**EXERCISE:** Task for the records below: please retype exactly and only the lines from the first through the one with "Dining Table in", with every picture omitted.

**Entries taken from a collection:**
------------------------------------
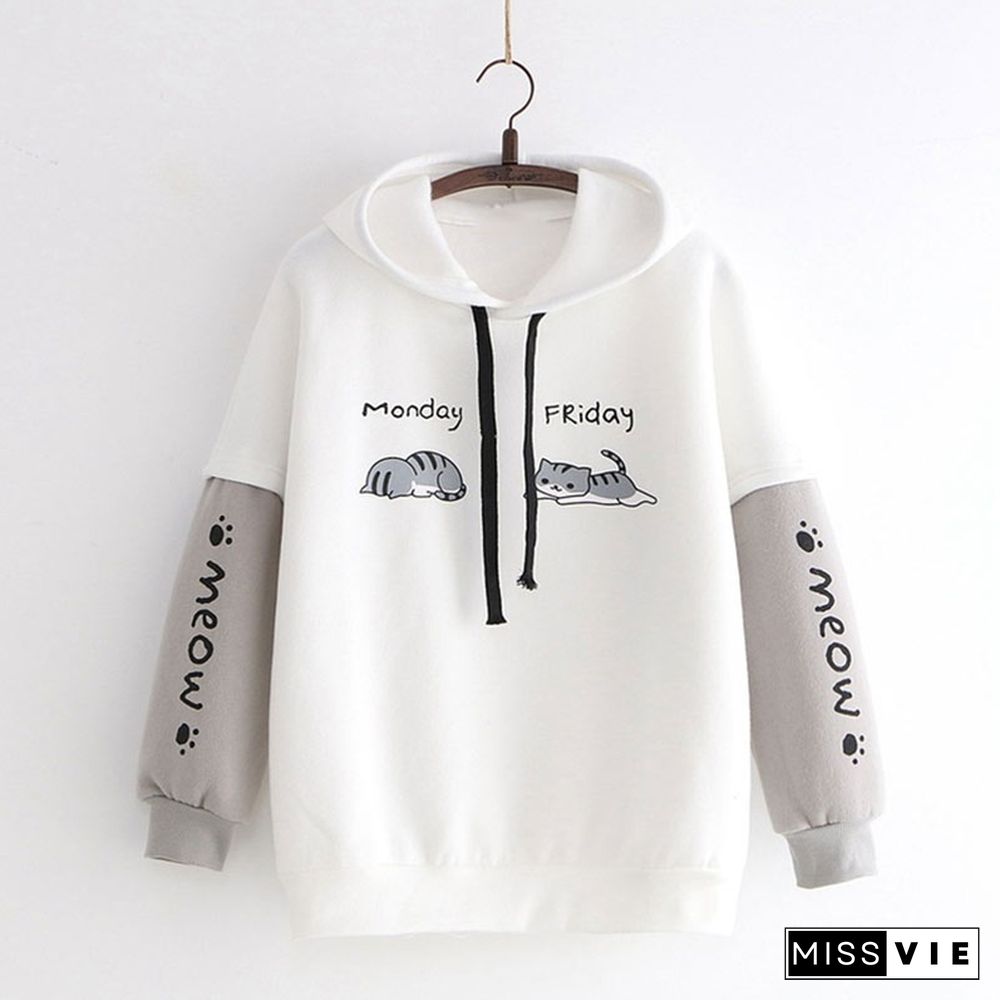 Japanese Style Letter kitty Print Colorblock Sweatshirt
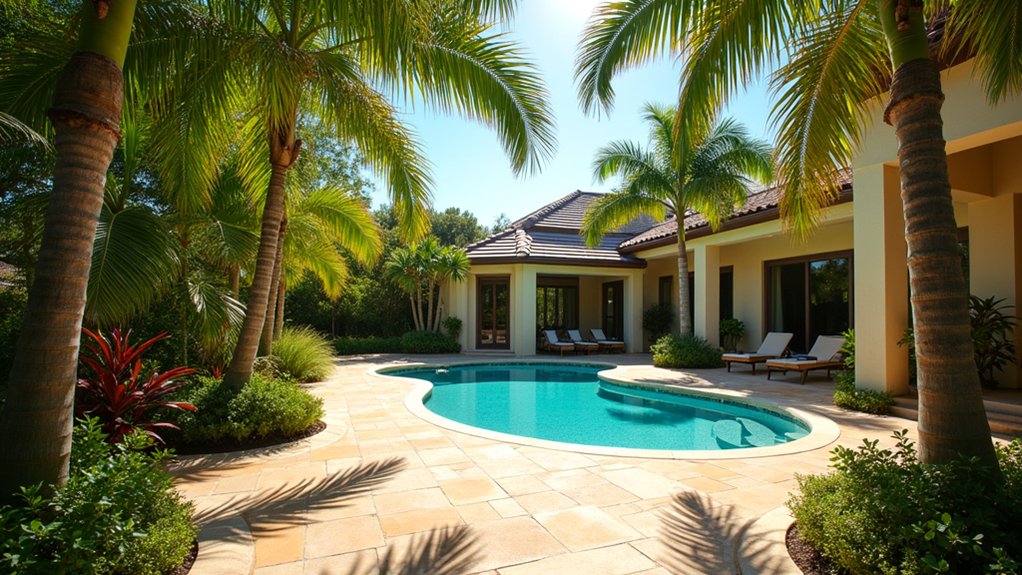 23 Smart Pool Landscaping With Pavers That Upgrade Your Walkways tropical sandstone backyard oasis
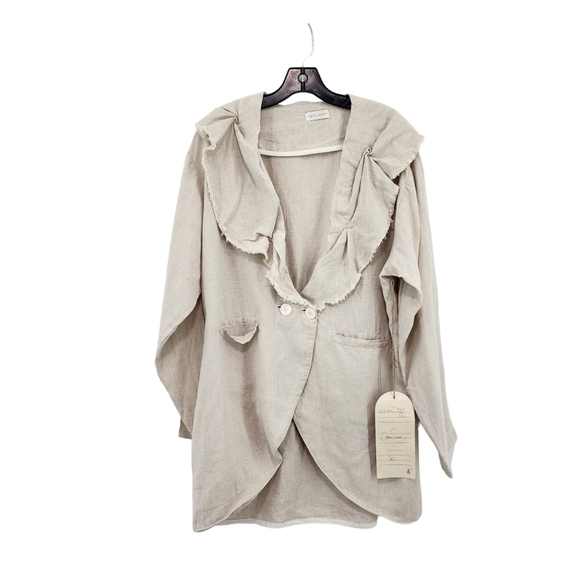 Krista Larson Women's Vivian Linen Vintage Jacket Lagenlook - S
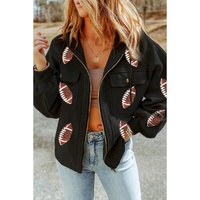 Black Sequined Rugby Football Pattern Pocketed Zipper Hooded Jacket - L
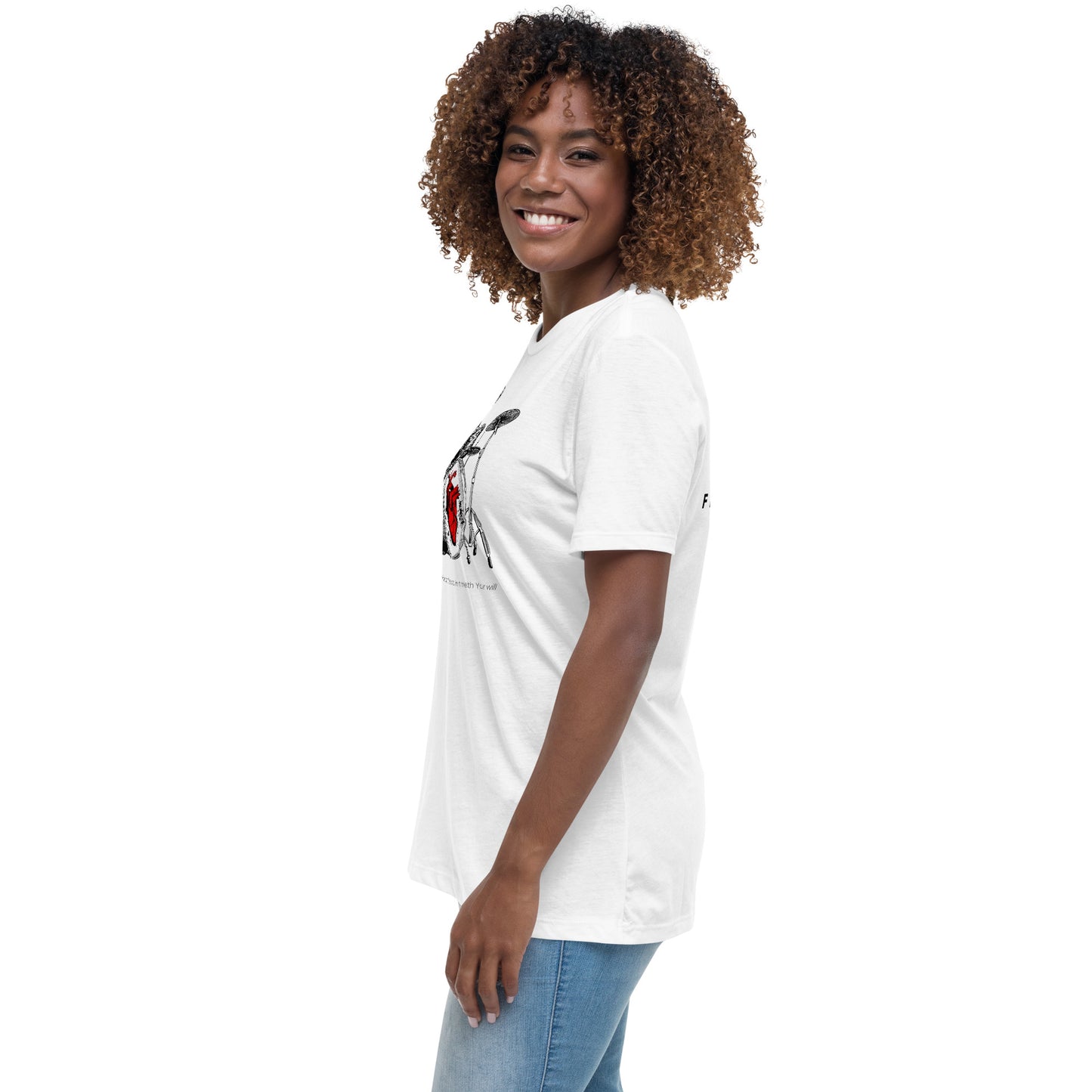 Heart Beats In Time Women's Relaxed T-Shirt W/Black Print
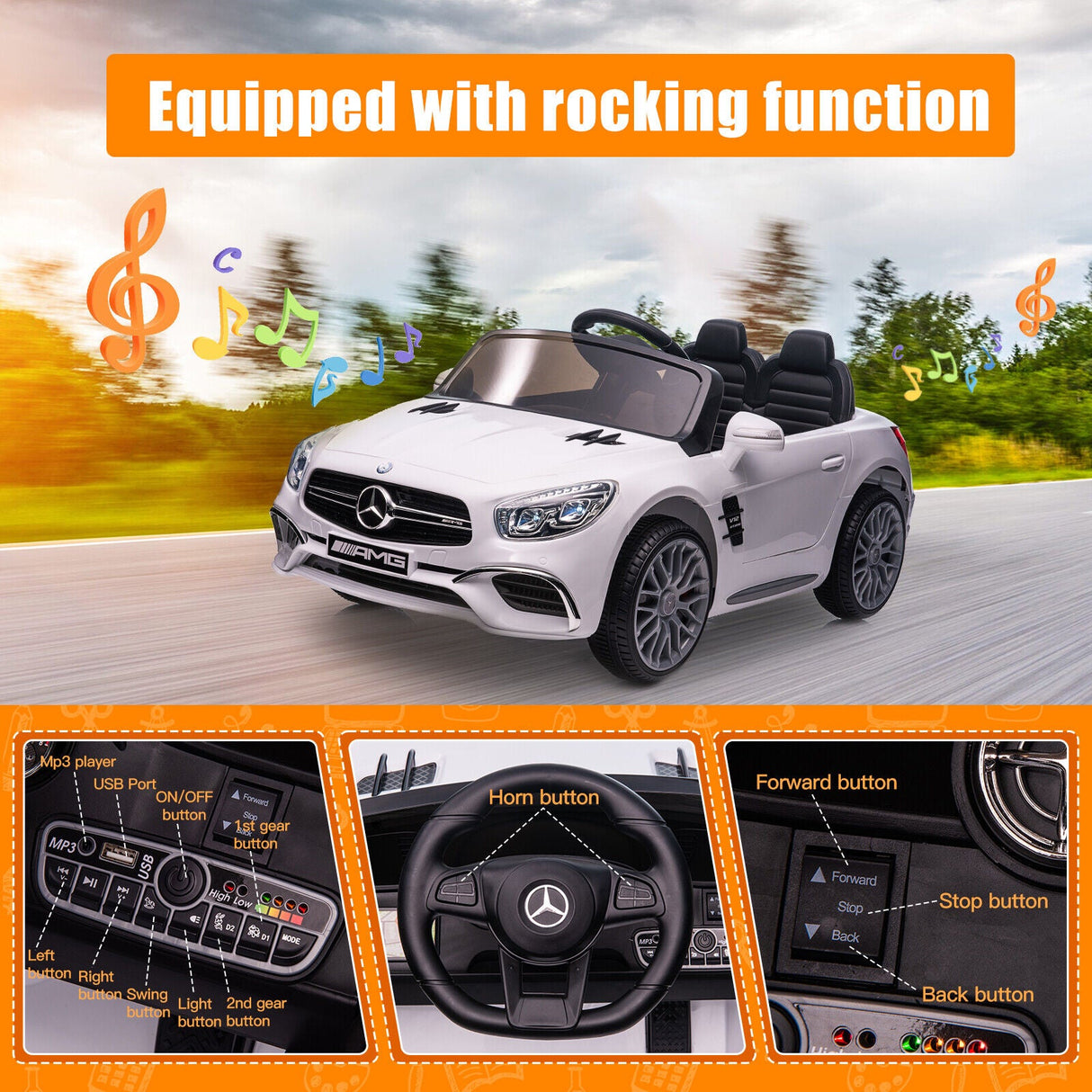 Mercedes-Benz Licensed 12V Electric Kids Ride-On Car with Battery Power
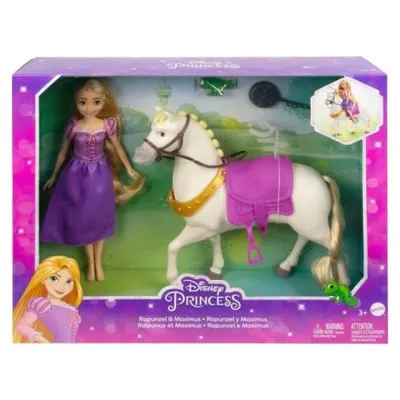 Disney Princess Set Papusa Rapunzel Si Calul Maximus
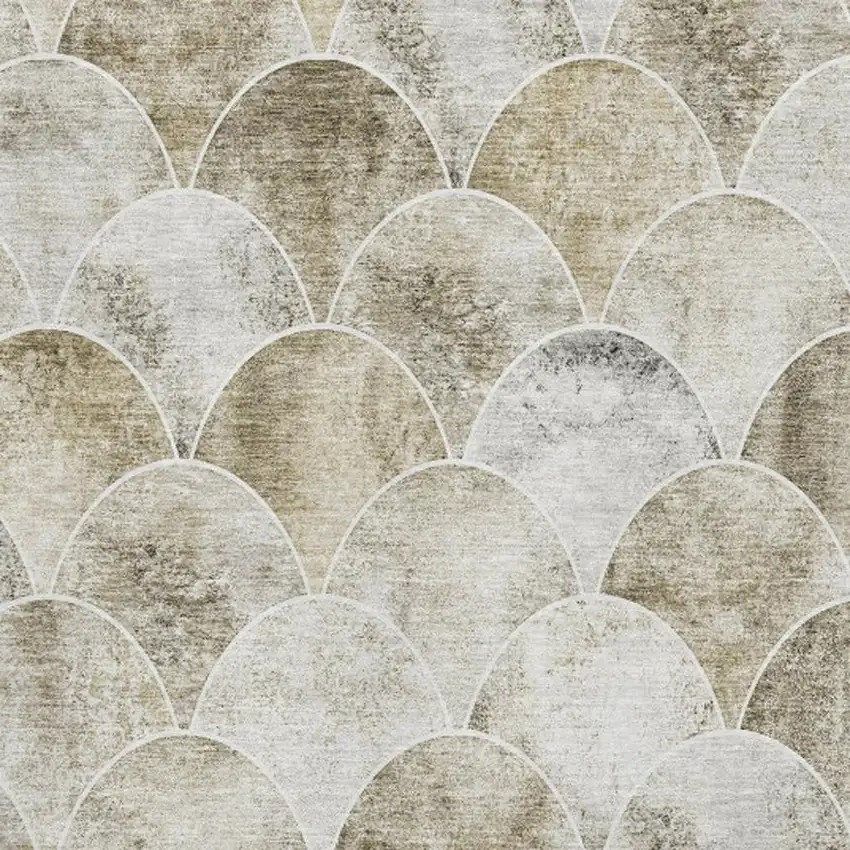 Beige Gray And Ivory Abstract Geometric Washable Area Rug With UV Protection Photo 3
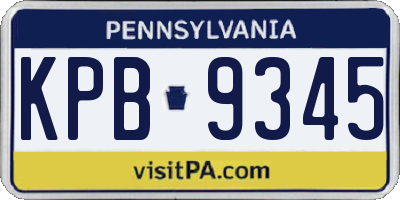 PA license plate KPB9345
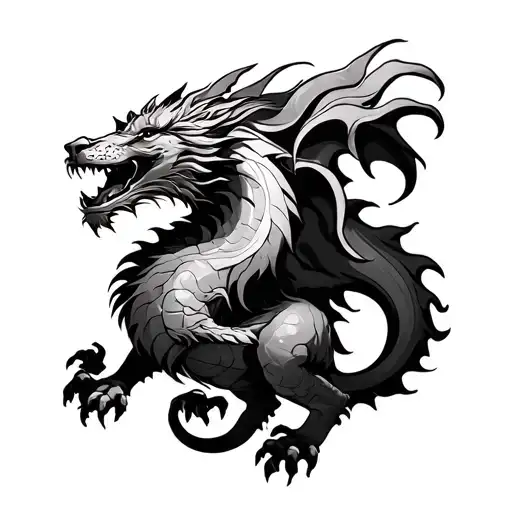Dragon Fight Against Lion Aries Tattoo For Men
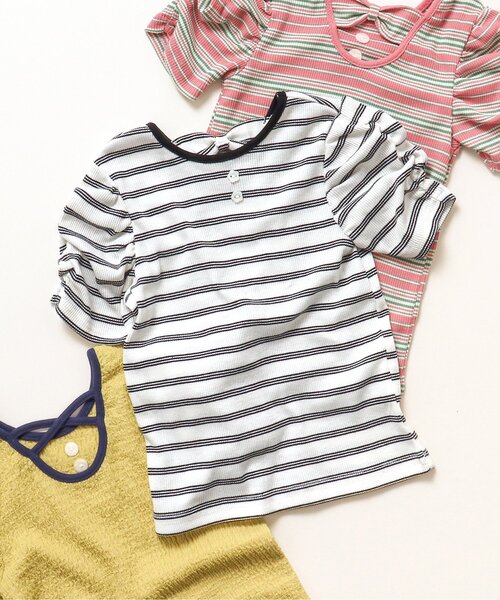 apres les cours(アプレレクール)の「バックリボン・クロスTシャツ(Tシャツ/カットソー・キッズ・ブラック/アイボリー/その他2/イエロー/ピンク/レッド・80/90/100/110/120/130/140)」の6枚目の写真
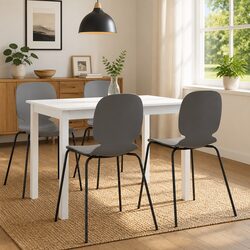 Dining Table in White 114x71x75 cm Rubber Wood Construction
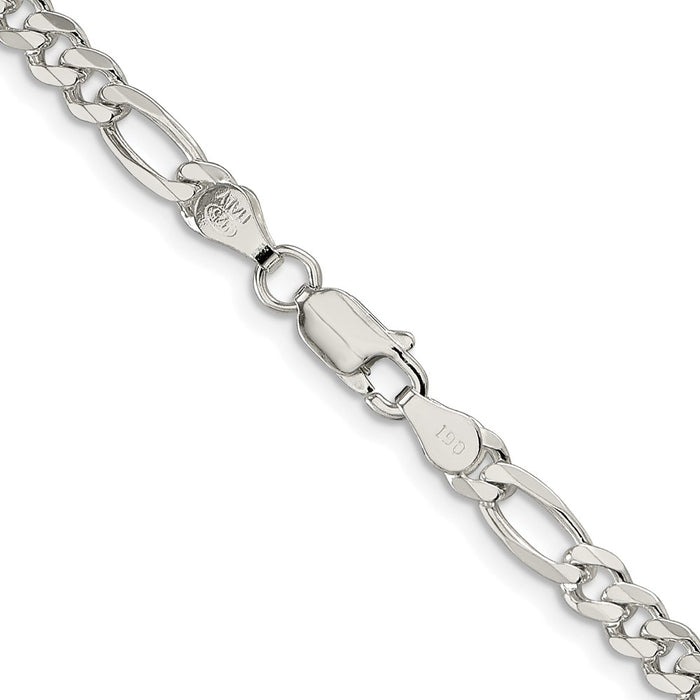 Buy Stylish Rhodium-Plated Sterling Silver 4.3mm Pav Flat Figaro Chain-3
------------------------------------
**RESULT OF THE EXERCISE:**
 Japanese Style Letter kitty Print Colorblock Sweatshirt
 23 Smart Pool Landscaping With Pavers That Upgrade Your Walkways tropical sandstone backyard oasis
 Krista Larson Women's Vivian Linen Vintage Jacket Lagenlook - S
 Black Sequined Rugby Football Pattern Pocketed Zipper Hooded Jacket - L
 Heart Beats In Time Women's Relaxed T-Shirt W/Black Print
 Mercedes-Benz Licensed 12V Electric Kids Ride-On Car with Battery Power
 Disney Princess Set Papusa Rapunzel Si Calul Maximus
 Beige Gray And Ivory Abstract Geometric Washable Area Rug With UV Protection Photo 3
 PA license plate KPB9345
Dragon Fight Against Lion Aries Tattoo For Men
 apres les cours(アプレレクール)の「バックリボン・クロスTシャツ(Tシャツ/カットソー・キッズ・ブラック/アイボリー/その他2/イエロー/ピンク/レッド・80/90/100/110/120/130/140)」の6枚目の写真
 Dining Table in White 114x71x75 cm Rubber Wood Construction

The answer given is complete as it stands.